START RECORDS FOR PROCESSING
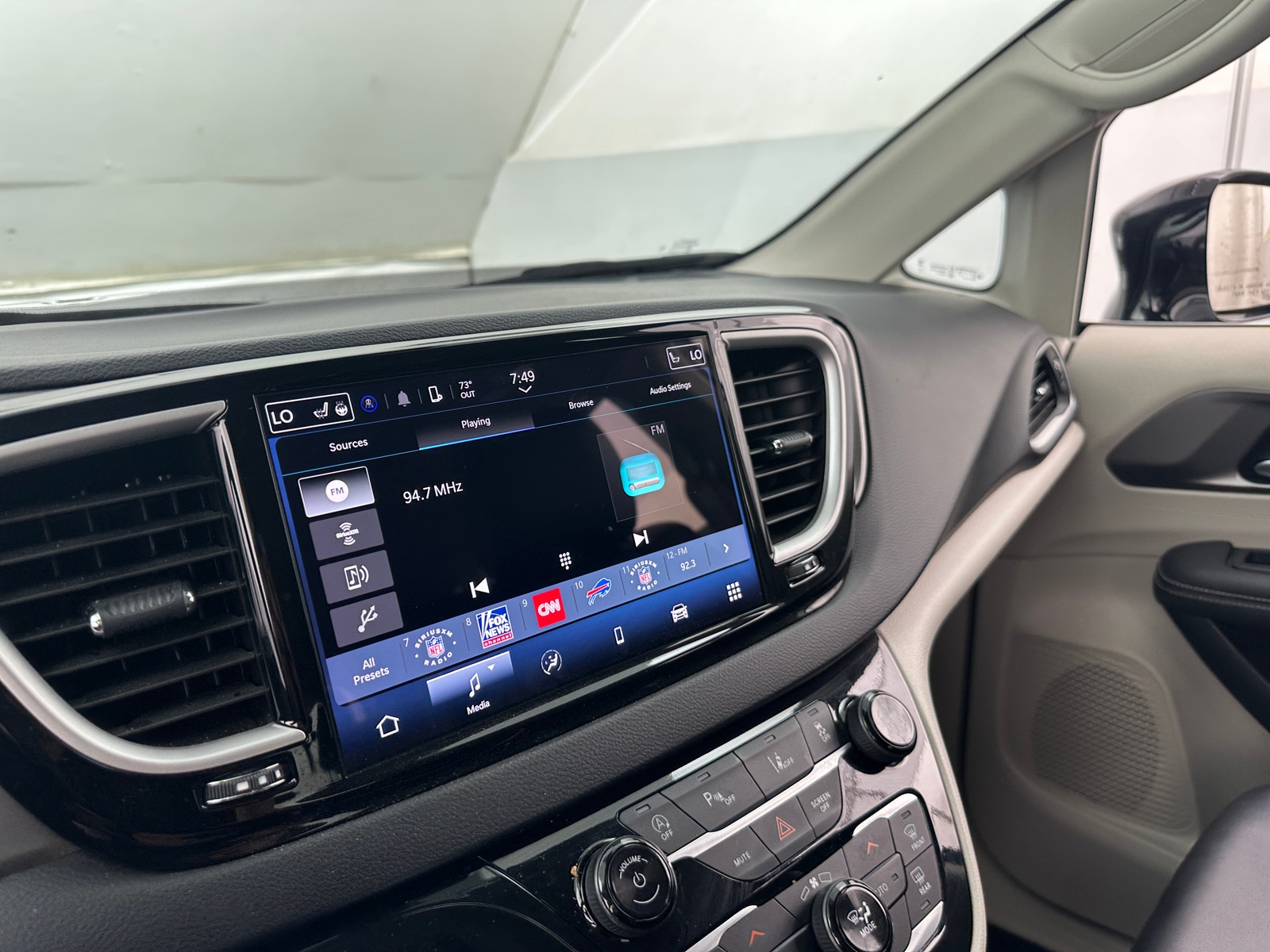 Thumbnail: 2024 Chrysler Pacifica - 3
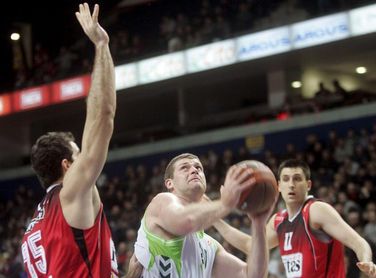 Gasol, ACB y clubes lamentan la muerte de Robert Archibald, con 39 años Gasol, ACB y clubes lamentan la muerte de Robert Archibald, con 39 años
END RECORDS FOR PROCESSING
START RECORDS FOR PROCESSING
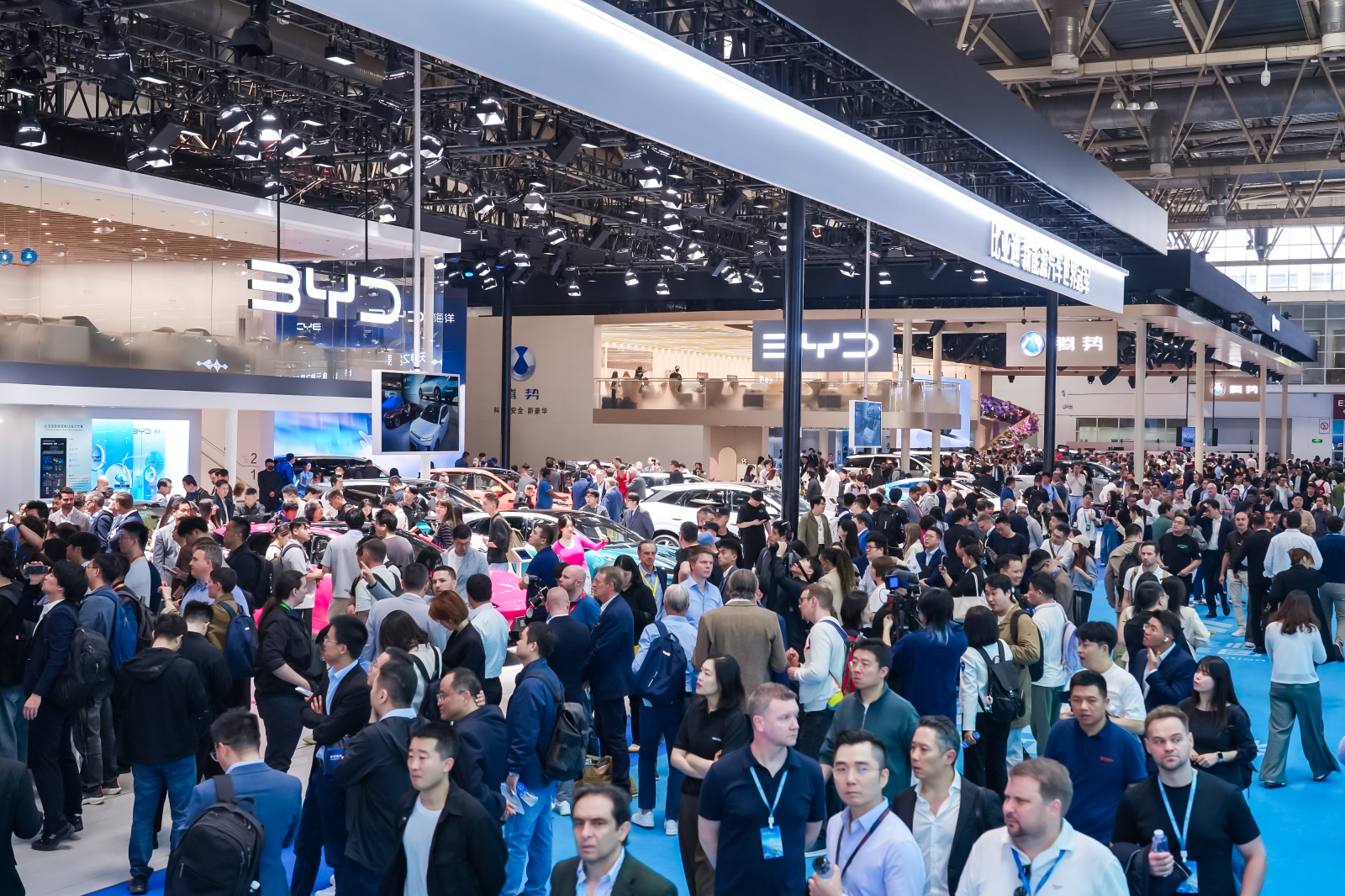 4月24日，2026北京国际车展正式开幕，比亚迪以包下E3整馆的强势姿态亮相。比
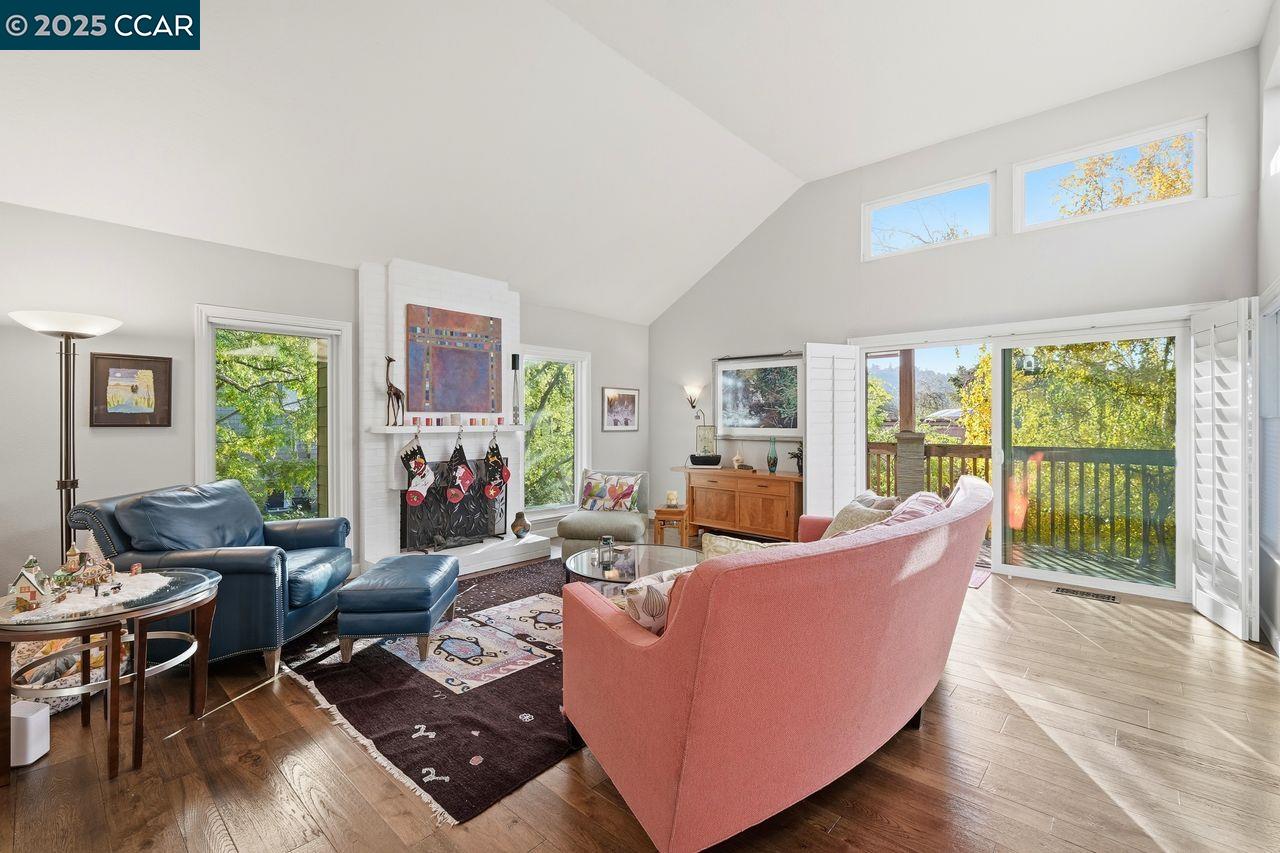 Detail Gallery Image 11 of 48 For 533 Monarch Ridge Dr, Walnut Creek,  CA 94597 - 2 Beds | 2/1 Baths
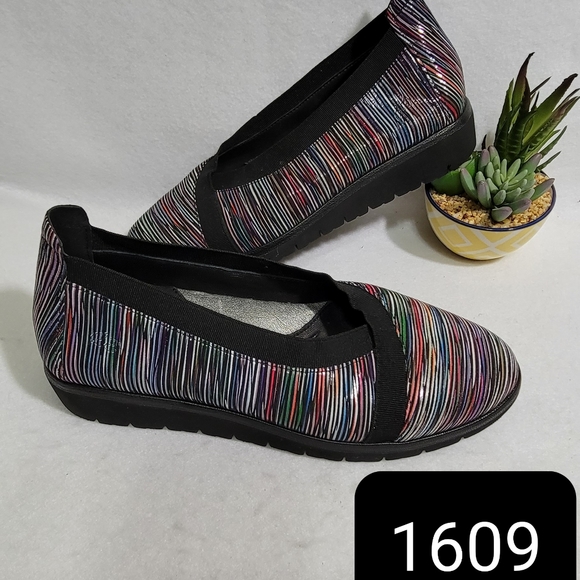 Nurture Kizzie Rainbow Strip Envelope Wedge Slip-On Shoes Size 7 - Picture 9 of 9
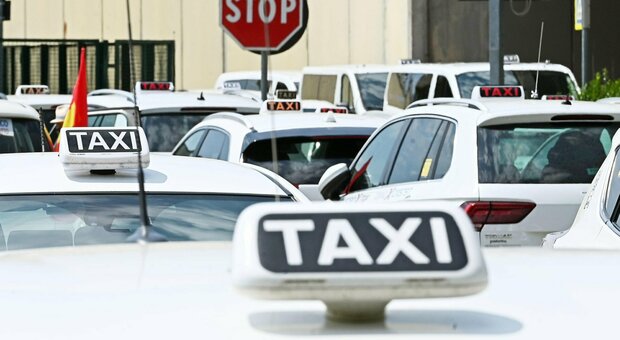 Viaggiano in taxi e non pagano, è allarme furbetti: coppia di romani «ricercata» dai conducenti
END RECORDS FOR PROCESSING
START RECORDS FOR PROCESSING
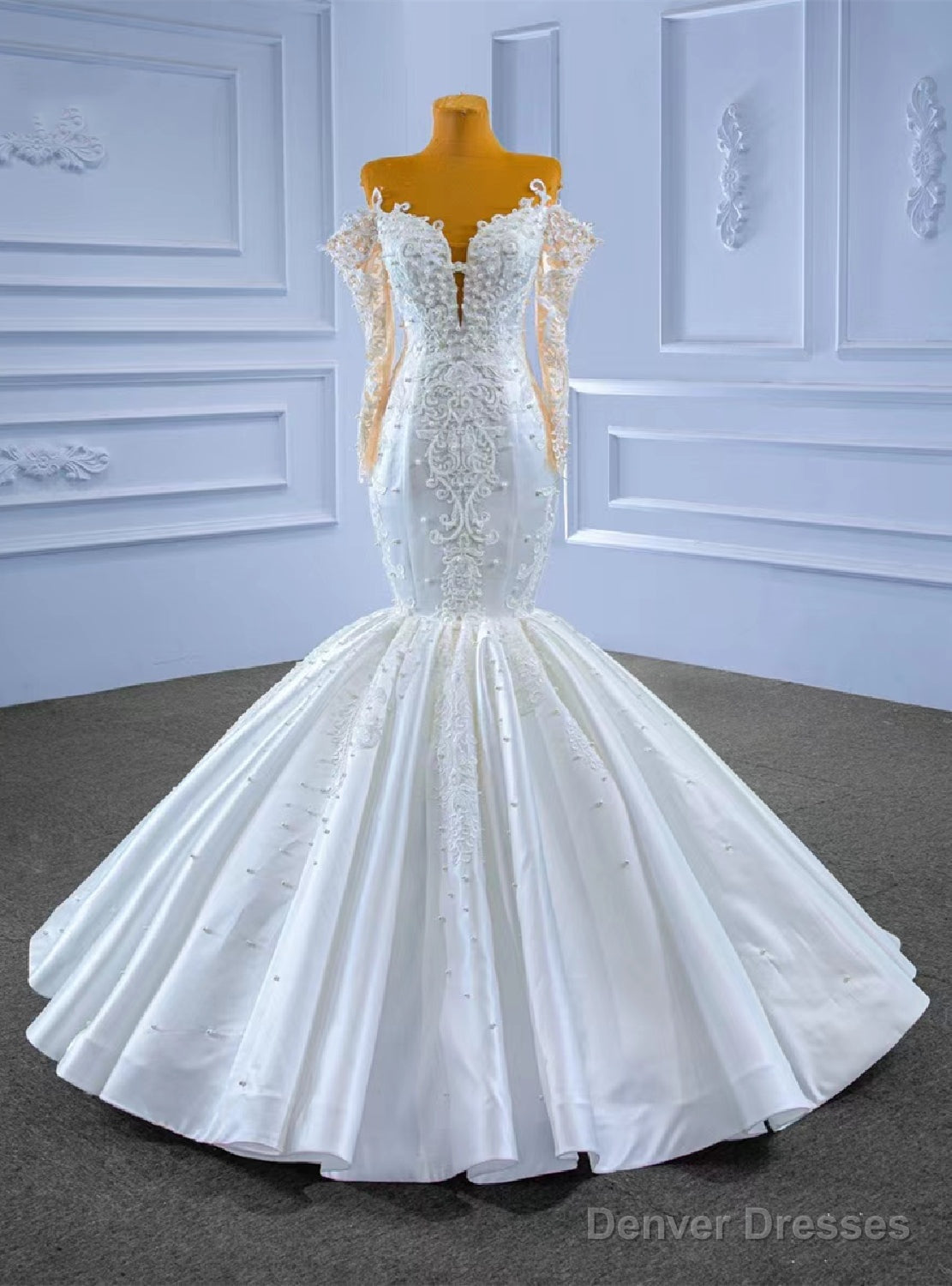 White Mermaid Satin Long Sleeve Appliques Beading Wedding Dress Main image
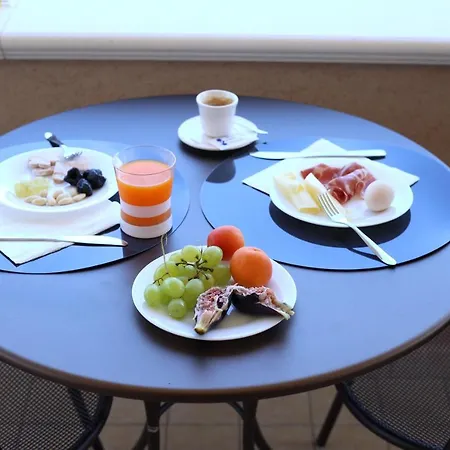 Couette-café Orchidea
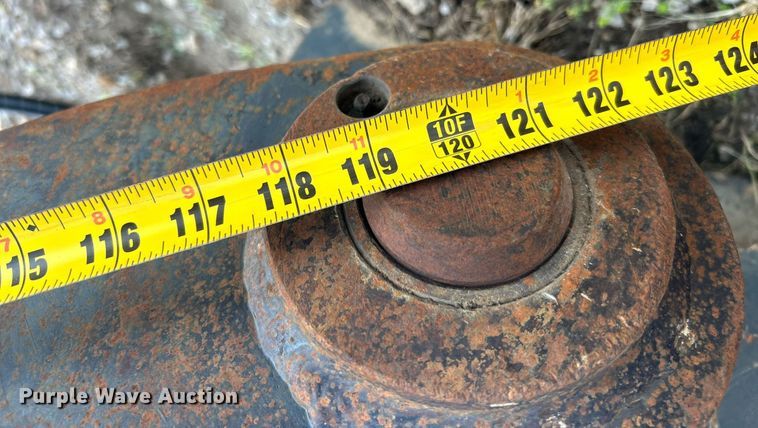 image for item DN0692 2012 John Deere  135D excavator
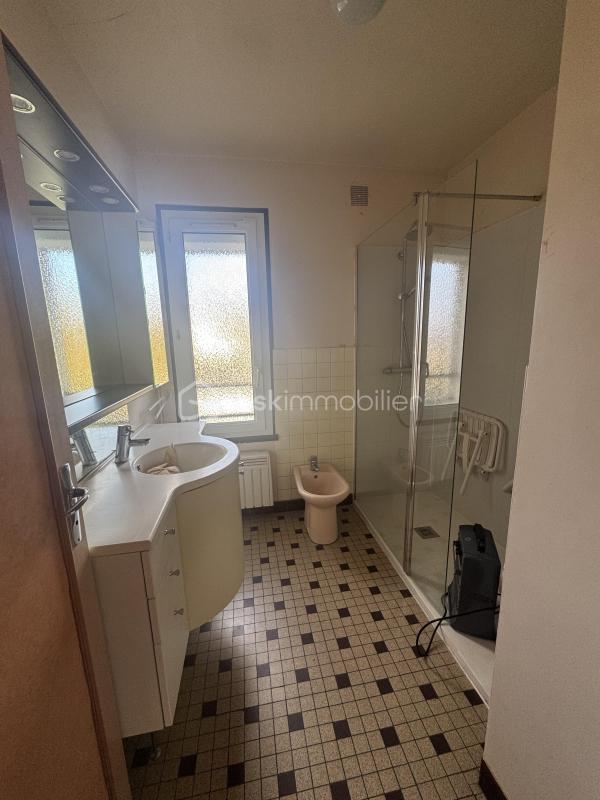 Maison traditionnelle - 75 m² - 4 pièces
END RECORDS FOR PROCESSING
▶ [TASK BRIEF]
Quote word for word only the lines above from the one containing "White Mermaid Satin" through the one containing "Maison traditionnelle - 75 m² - 4 pièces". Pictures stay out of your copy.

▶ [RESPONSE BELOW]
 White Mermaid Satin Long Sleeve Appliques Beading Wedding Dress Main image
 Couette-café Orchidea
 image for item DN0692 2012 John Deere  135D excavator
 Maison traditionnelle - 75 m² - 4 pièces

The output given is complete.